Example: 1 L of 1.50 M CoCl2 Solution
M = moles/Liter M x Liter = moles
1.5 moles/L x 1L = 1.5 moles needed
1.5 moles CoCl2 = 195g CoCl2
1.5 mol CoCl2 x 130 g CoCl2/mol = 195g CoCl2
Place 195 g CoCl2 in a flask. Add water to fill to 1-L mark
Dilute a more concentrated solution with solvent to give a solution of lower concentration.
M1 V1 =M2 V2
Example: Prepare 250 mL of 0.100 M NaCl solution from a 2.00 M NaCl solution.
M1 = molarity of starting solution (in this case 2.00M NaCl)
V1 = volume of starting solution required (always unknown)
M2 = molarity of final solution after dilution (in this case 0.100M NaCl)
V2 = volume of final solution, after dilution (in this case 250ml)
Use M1 V1 = M2 V2 to solve for the unknown variable (V1); this is the amount of the starting solution you need. Add solvent (usually water) to reach the desired total volume (V2).
Prepare 250 mL of 0.100 M NaCl solution from a 2.00 M NaCl solution.
M1 = molarity of starting solution (in this case 2.00M NaCl)
V1 = volume of starting solution required (always unknown)
M2 = molarity of final solution after dilution (in this case 0.100M NaCl)
V2 = volume of final solution, after dilution (in this case 250ml)
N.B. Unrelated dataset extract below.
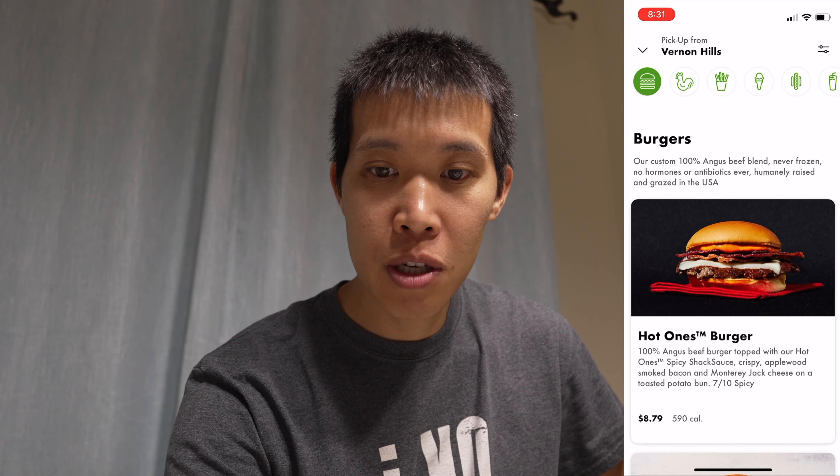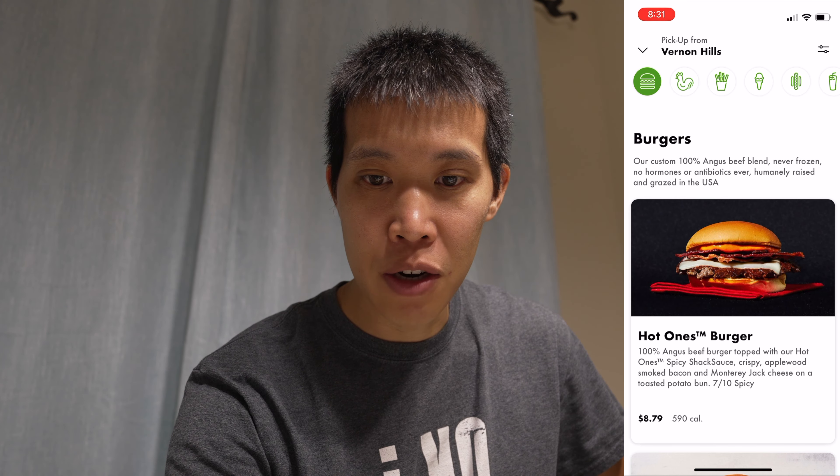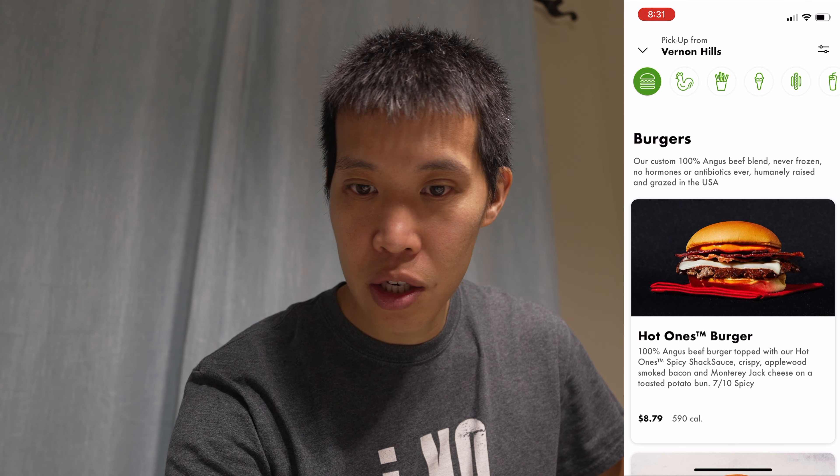We got the Hot Ones burger from Shake Shack. It's a 100% Angus beef burger topped with the Hot Ones spicy shake sauce. It's crispy applewood bacon and Monterey Jack cheese on a toasted potato bun. It says 7 out of 10 spicy.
Answer: Prepare solution by adding 0.0125 L of 2.0 M NaCl to flask and adding water up to 250 mL mark.
Osmotic Pressure
Osmosis: Movement of water through a semipermeable membrane, from more dilute solution towards more concentrated solution
Osmotic pressure: amount of pressure required to stop flow of water due to osmosis
Isotonic solutions: solutions with identical osmotic pressure; no urge for water to flow
4% starch
10% starch
H2O
Example:
During osmosis, water flows across the semi-permeable membrane from the 4% starch solution into the 10% solution.
Eventually, the flow of water across the semi-
permeable membrane becomes equal in both directions.
7% starch
7% starch
H2O
Hypotonic solution: the more dilute of 2 solutions separated by a semipermeable membrane; water leaves this solution and flows across membrane to the more concentrated solution
Hypertonic solutions: the more concentrated of 2 solutions separated by a semipermeable membrane; water enters this solution, moving across the membrane from the more dilute solution
Crenate Burst No Change
(hypertonic) (hypotonic) (isotonic)
Practice with Molarity
Calculate the molarity of 1.50 L of solution containing 0.294 moles of solute
Calculate the molarity of 500 mL of solution containing 0.304 moles of solute
Calculate the molarity of a 100 mL solution containing 4 g of NaOH.
How would you make 100 mL of 0.25 M Na2SO4 solution?
How would you prepare 5 L of 6 M H2SO4 from 18 M H2SO4 solution?